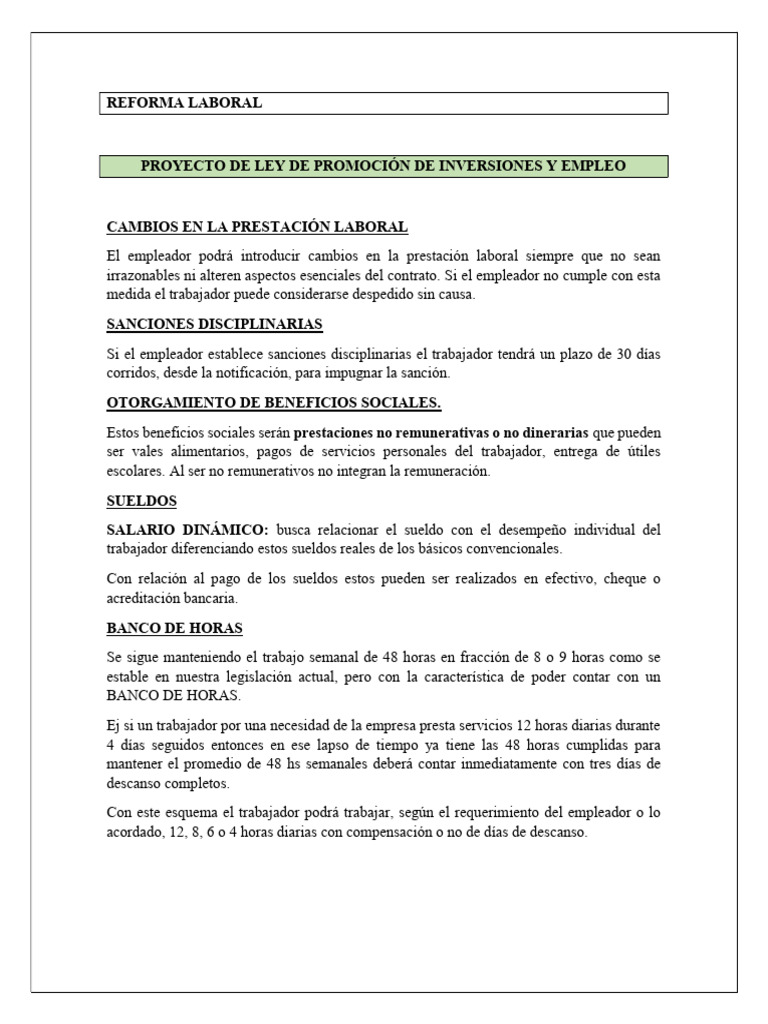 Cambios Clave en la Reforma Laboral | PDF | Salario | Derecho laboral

^^^^

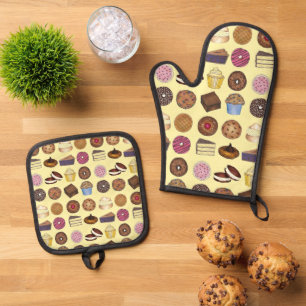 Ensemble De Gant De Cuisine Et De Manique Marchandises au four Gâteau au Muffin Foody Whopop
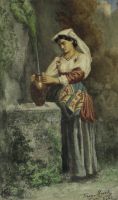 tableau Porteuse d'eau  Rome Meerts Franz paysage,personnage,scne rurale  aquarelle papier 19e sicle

^^^^

ABOUT THIS TASK → Copy everything above from the line holding "Ensemble De Gant" down to the line holding "tableau Porteuse d'eau", both ends included, exactly as it stands and without the pictures.

REPLY TO THE TASK →
 Ensemble De Gant De Cuisine Et De Manique Marchandises au four Gâteau au Muffin Foody Whopop
 tableau Porteuse d'eau  Rome Meerts Franz paysage,personnage,scne rurale  aquarelle papier 19e sicle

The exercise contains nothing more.